The data below holds a line containing "We will again" and a line containing "Hello and welcome"; please quote exactly those two lines and every line between them, and nothing else.

========

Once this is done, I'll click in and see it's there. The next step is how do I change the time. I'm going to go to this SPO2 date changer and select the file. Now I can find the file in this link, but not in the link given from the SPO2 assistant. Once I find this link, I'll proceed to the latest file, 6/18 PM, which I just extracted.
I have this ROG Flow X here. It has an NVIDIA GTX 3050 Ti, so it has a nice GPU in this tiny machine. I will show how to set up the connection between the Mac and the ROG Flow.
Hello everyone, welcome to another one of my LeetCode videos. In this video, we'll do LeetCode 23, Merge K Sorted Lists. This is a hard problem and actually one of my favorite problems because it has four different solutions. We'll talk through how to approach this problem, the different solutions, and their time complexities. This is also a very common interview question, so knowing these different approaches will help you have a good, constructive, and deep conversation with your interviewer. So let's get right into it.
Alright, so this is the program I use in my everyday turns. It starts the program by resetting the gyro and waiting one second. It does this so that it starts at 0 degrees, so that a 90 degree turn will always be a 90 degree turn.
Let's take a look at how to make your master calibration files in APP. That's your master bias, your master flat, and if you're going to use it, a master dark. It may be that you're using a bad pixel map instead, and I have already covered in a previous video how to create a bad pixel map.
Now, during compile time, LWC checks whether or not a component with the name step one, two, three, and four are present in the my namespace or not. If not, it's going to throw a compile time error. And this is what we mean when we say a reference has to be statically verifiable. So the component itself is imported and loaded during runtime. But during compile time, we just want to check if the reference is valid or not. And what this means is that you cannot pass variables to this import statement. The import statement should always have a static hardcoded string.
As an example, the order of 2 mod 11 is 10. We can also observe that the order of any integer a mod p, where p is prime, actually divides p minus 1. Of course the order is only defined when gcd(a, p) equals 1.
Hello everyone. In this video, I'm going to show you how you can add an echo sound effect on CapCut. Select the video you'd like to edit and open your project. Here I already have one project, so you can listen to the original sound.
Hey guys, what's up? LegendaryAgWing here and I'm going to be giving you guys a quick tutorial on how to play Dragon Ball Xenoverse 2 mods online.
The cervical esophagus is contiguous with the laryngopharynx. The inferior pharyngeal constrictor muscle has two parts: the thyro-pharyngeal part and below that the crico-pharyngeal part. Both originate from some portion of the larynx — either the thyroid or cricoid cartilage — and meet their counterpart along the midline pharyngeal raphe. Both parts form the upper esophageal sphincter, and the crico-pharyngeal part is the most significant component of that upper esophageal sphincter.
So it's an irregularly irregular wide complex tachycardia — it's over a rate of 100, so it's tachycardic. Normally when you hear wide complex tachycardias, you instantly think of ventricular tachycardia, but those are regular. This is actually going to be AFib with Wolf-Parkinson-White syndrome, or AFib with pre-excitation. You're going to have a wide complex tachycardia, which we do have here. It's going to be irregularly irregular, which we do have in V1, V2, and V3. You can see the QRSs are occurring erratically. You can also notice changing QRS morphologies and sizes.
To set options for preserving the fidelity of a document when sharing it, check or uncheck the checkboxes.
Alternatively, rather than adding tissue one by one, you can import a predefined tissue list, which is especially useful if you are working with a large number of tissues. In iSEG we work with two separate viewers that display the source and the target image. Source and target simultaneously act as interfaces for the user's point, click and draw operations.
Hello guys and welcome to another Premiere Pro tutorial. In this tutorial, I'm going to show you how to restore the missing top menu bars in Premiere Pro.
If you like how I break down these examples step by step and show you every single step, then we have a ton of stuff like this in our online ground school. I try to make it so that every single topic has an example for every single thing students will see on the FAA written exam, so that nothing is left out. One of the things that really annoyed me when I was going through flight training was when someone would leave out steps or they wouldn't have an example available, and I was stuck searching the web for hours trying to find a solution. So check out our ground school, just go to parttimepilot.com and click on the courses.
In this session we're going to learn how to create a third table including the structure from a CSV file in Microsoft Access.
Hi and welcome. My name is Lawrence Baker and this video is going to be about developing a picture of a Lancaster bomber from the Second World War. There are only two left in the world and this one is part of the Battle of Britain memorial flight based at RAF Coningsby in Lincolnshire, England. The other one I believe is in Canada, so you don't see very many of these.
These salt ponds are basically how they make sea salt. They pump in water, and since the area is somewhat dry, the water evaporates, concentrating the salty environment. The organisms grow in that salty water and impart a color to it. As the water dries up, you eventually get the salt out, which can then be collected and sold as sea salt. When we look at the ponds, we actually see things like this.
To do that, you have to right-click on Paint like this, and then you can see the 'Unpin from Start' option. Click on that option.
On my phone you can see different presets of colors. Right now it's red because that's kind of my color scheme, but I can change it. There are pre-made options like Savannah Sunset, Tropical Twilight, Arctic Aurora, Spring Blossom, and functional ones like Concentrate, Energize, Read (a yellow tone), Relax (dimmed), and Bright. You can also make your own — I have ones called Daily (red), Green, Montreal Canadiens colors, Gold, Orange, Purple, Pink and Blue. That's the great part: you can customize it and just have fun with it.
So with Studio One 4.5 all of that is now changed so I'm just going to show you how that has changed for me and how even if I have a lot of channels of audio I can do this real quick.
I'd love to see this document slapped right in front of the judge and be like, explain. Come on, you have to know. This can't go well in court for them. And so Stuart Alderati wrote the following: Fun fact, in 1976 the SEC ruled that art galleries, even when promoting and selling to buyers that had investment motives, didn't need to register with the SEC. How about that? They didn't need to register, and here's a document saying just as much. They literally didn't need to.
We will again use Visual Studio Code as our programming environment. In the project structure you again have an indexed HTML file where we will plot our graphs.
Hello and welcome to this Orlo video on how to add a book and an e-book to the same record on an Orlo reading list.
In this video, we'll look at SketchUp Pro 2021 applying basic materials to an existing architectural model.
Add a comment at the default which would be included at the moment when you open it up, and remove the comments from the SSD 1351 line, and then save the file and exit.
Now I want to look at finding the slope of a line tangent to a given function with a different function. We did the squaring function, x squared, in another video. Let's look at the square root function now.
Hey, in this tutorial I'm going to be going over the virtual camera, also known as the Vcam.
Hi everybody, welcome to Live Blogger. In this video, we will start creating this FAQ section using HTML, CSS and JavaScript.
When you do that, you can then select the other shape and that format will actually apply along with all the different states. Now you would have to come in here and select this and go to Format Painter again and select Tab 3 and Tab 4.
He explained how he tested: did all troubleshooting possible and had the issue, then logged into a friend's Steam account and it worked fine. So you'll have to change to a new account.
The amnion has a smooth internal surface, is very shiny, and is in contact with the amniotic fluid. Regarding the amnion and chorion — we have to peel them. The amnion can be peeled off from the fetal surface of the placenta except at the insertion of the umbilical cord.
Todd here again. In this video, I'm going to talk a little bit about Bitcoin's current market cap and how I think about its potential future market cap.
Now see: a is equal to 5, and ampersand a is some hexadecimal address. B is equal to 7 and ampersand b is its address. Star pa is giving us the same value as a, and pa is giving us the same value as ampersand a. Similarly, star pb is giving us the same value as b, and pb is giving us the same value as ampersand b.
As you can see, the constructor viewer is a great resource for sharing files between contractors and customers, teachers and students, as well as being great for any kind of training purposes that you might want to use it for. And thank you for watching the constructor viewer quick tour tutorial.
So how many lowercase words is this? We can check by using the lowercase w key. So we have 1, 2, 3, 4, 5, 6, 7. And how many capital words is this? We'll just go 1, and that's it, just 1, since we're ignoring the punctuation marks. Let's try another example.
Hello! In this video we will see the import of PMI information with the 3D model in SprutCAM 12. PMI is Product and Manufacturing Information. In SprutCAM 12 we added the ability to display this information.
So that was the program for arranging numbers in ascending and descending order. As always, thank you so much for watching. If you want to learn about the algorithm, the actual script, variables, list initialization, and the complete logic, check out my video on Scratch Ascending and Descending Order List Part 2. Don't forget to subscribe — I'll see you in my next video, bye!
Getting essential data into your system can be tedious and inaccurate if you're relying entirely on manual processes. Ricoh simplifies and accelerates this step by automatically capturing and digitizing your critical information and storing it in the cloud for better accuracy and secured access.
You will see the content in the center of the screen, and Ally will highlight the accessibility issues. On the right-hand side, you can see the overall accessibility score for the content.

========

## TASK OUTPUT
We will again use Visual Studio Code as our programming environment. In the project structure you again have an indexed HTML file where we will plot our graphs.
Hello and welcome to this Orlo video on how to add a book and an e-book to the same record on an Orlo reading list.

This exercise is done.